I imagine that our bodies show us these cracks in different ways. When I started graduate school after the Paralympic Games Rio 2016 Rio 2016, I was given my first dose of the sort of stress that I’d never felt before. I was still actively training and competing and hadn’t taken into account the difference between graduate and undergraduate school. My inability to put forth the needed effort for both showed up almost immediately and it did this through insomnia. 


Now, four years later, I have come to recognize the essential role that stress management plays in my ability to sleep and how pivotal sleep is to my ability to be successful. Moreover, there turned out to be many ways that my sleep became impacted, and each required its own solution. For example, I have learned how much my mind needs to plan for each of my obligations. When I began organizing my schedule with a calendar instead of a to-do list, and allocated specific times for the tasks, my sleep quality improved. 


Meditation has become another staple to my Tokyo 2020 preparation and is something I find very helpful. While insomnia showed me just how powerful the mind is, mediation allows me to embrace that power as a tool. Fortunately, there are many techniques that can help us become proficient at meditating (I use an app), but it definitely takes a lot of practice and dedication--but hey, that’s basically an athlete’s job description. Just as I devote specific time to physical training and to my obligations as a graduate student, I ensure to carve out time every day to train my mind.


As I said before, my why or the reason I compete, centers around the role that I embody as an athlete. I cherish the opportunity to demonstrate that nothing is impossible. Finding balance is an ongoing process and has rewards well beyond the podium. 


I would be remiss if I didn’t explicitly acknowledge the way that failure and challenges have served in giving me these insights. It was my perceived ‘failing’ at combining grad school with competing that opened my world to the possibility of learning new ways to adapt to the load. I have been in an exercise physiology and nutrition research group for four years and have a huge new appreciation for the positive molecular adaptations that occur inside our muscles when exercising to failure. As a para-athlete, I have experienced the wide gaps between a person’s drive based largely on how high of expectations society placed on them. I was fortunate to grow up within a community that encouraged me to hold high standards for myself, but that is not the case for all people with disabilities, and this reality can show up in how much (or little) they believe in themselves.

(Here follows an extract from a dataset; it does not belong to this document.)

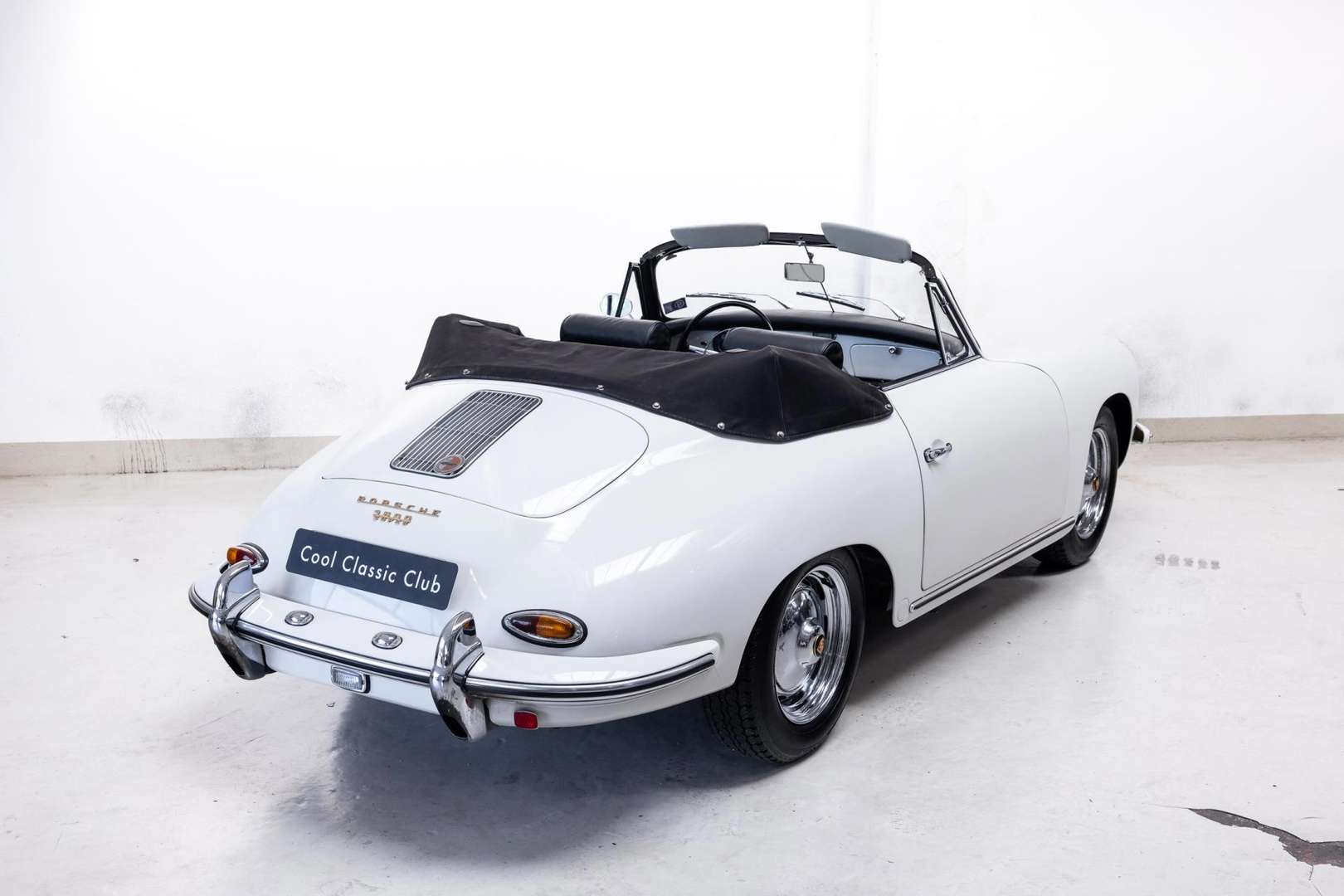 Porsche 356 Super Cabriolet - 1960 - Joinsteer - #6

As a female para-athlete, I want to leverage the power of sports to cast an image for all girls, of all functional abilities, in all countries and at any age that they can set goals and reach them. I want them to know that they can lead full lives and make this world a better place. I want them to know that when things are extra challenging, when they learn of an imbalance somewhere, that they’ll know they can embrace that ‘failure’ and use it to grow more fully.